===== Available records
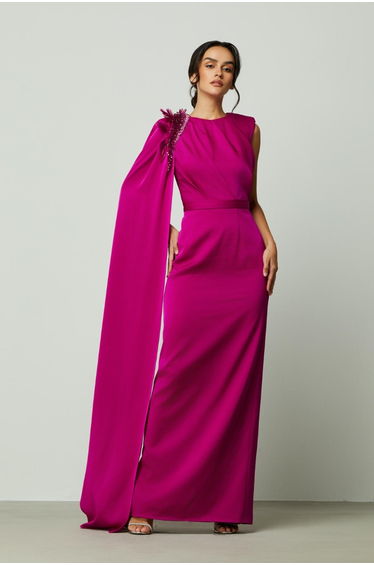 embellished shoulder satin dress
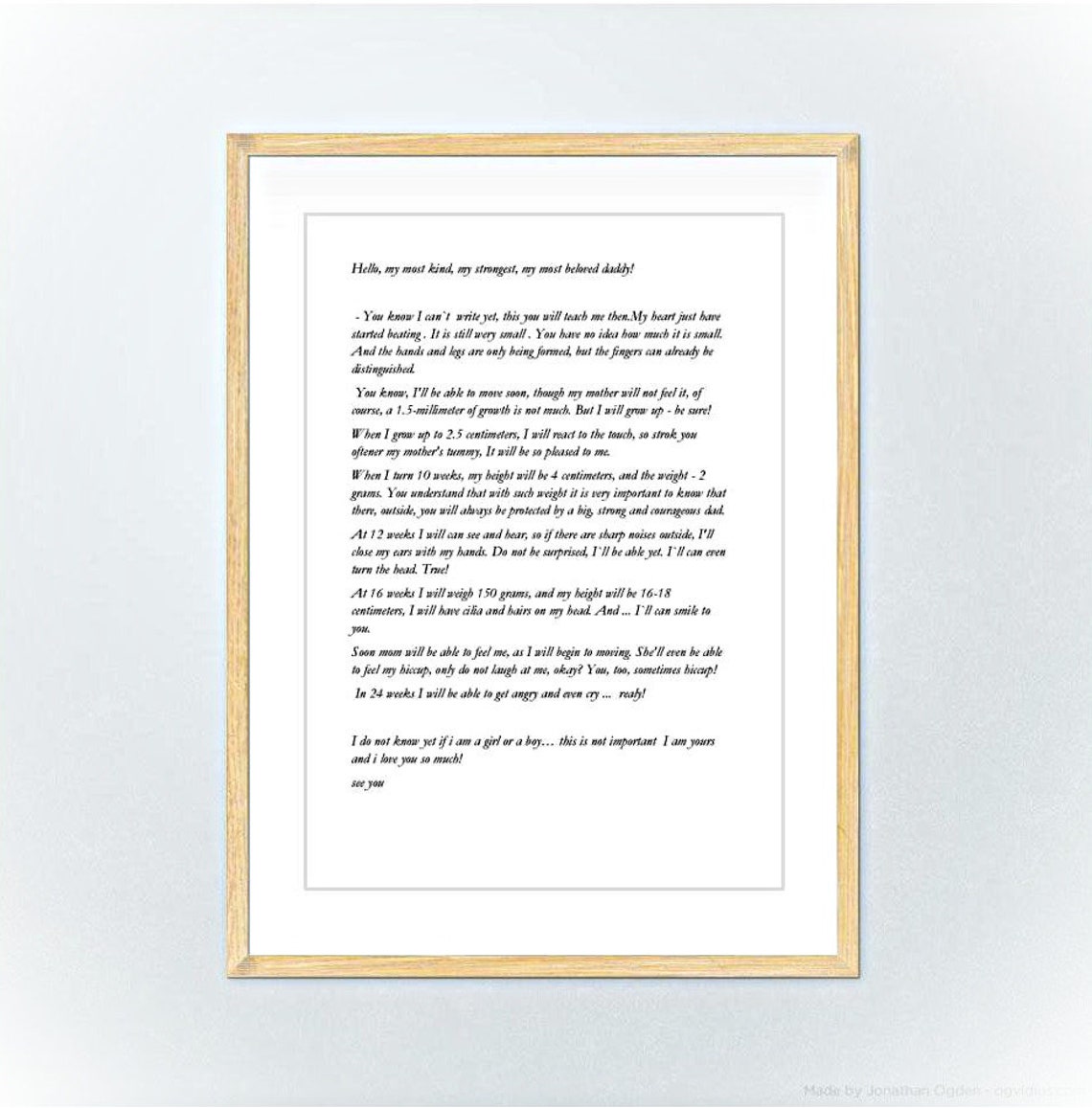 Love Letter From Unborn Baby To Expecting Daddy Sentimental Poster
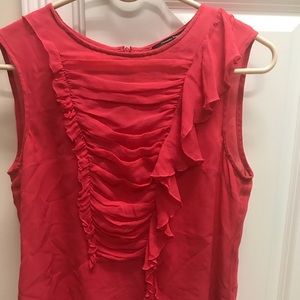 Nanette Lenore silk pink top with ruffles. Size 6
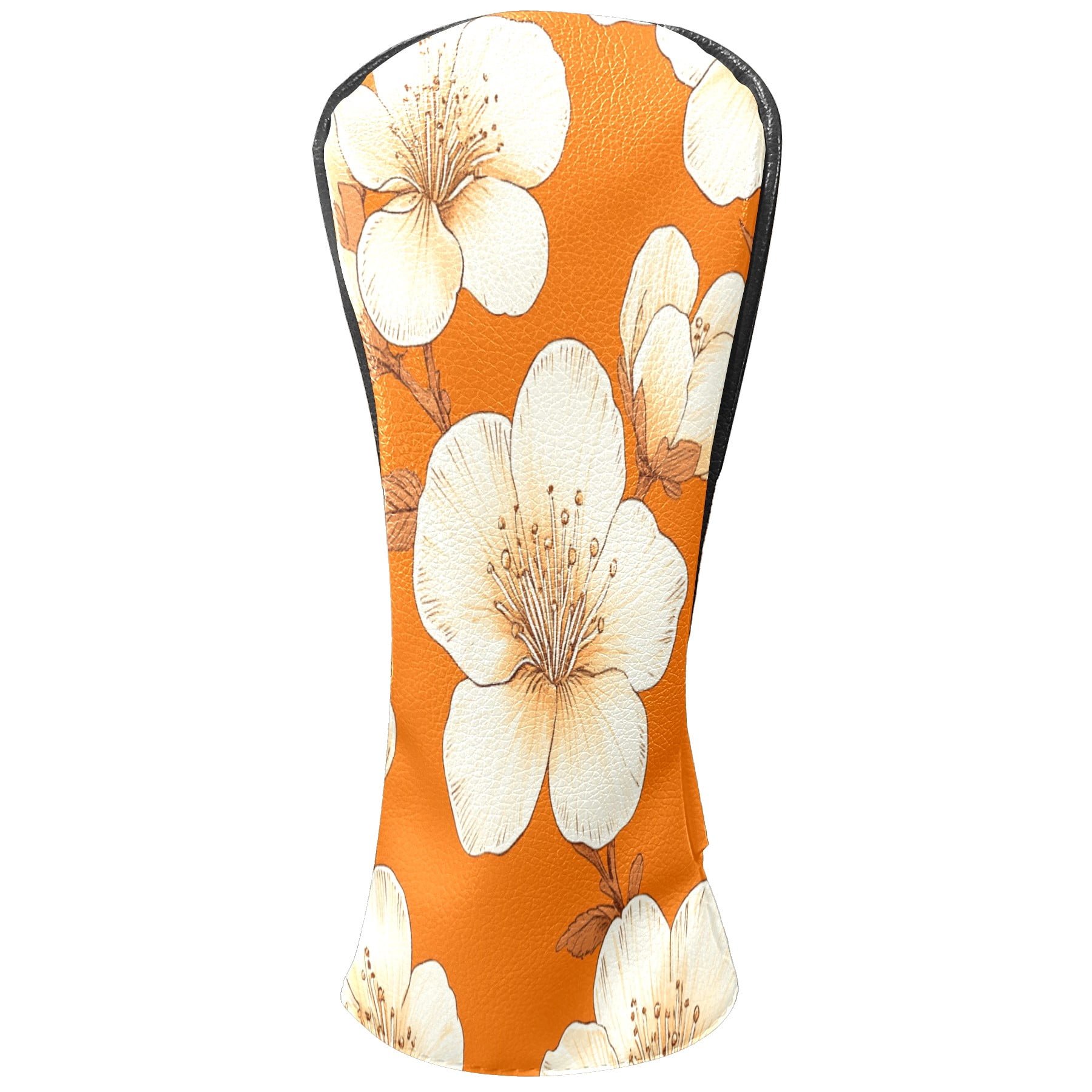 Golf Club Covers PU Leather Waterproof Head Covers for Fairway Woods Hybrids Peach Blossom
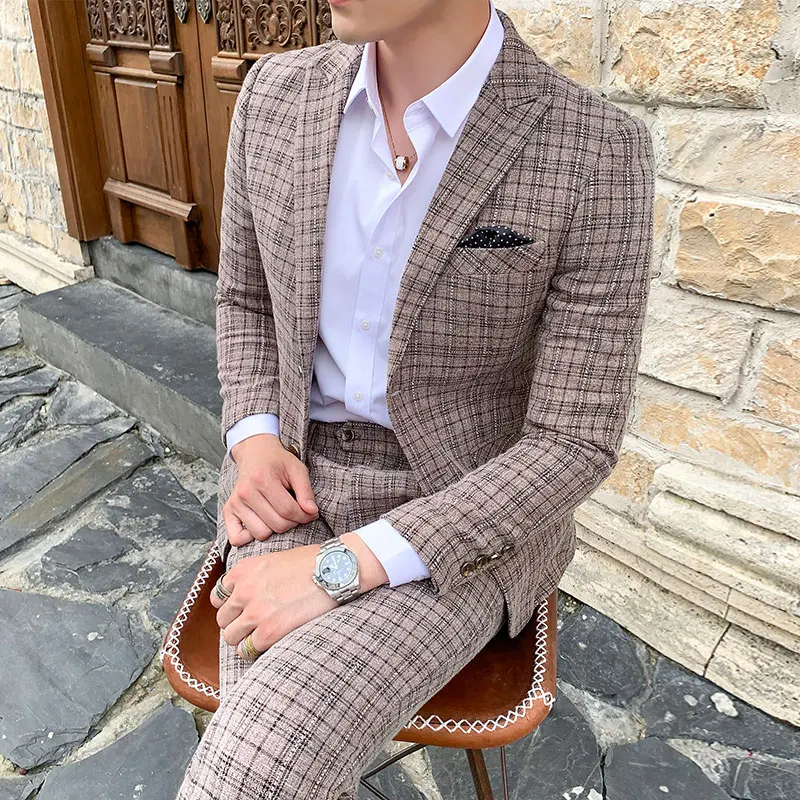 

fashion Mens Single Breasted Suits 2020 New Large Plaid Men's Business Casual Suits Slim Design Can Wear Suit Men All Year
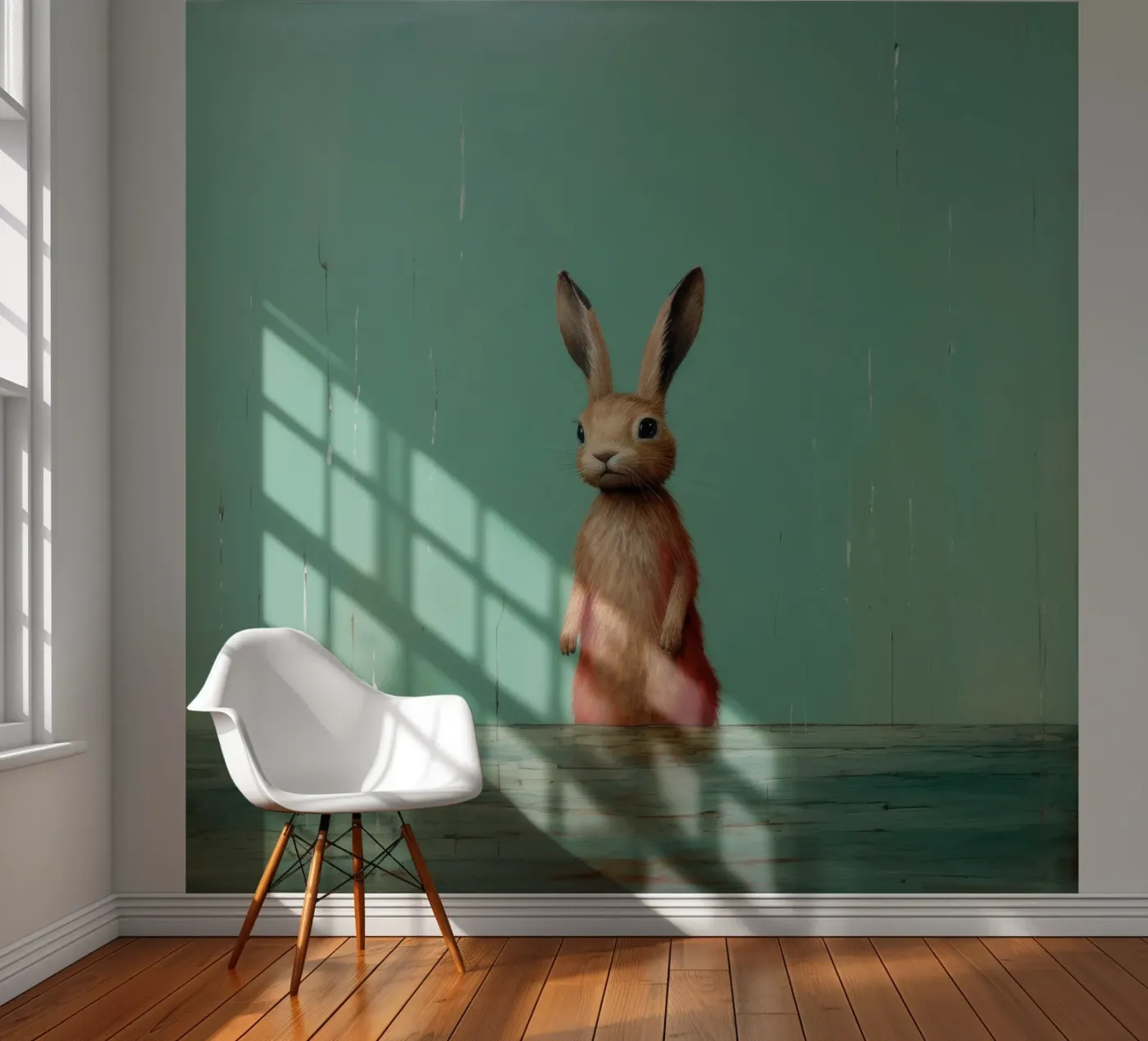 Minimo Hare carta da parati fotografica da Minimal Animal Art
==========
Prompt: Start with the line with "Nanette Lenore silk" in the listing above and stop after the line with "Golf Club Covers". Write out exactly the lines in that stretch and no others, without pictures.

Task output:
 Nanette Lenore silk pink top with ruffles. Size 6
 Golf Club Covers PU Leather Waterproof Head Covers for Fairway Woods Hybrids Peach Blossom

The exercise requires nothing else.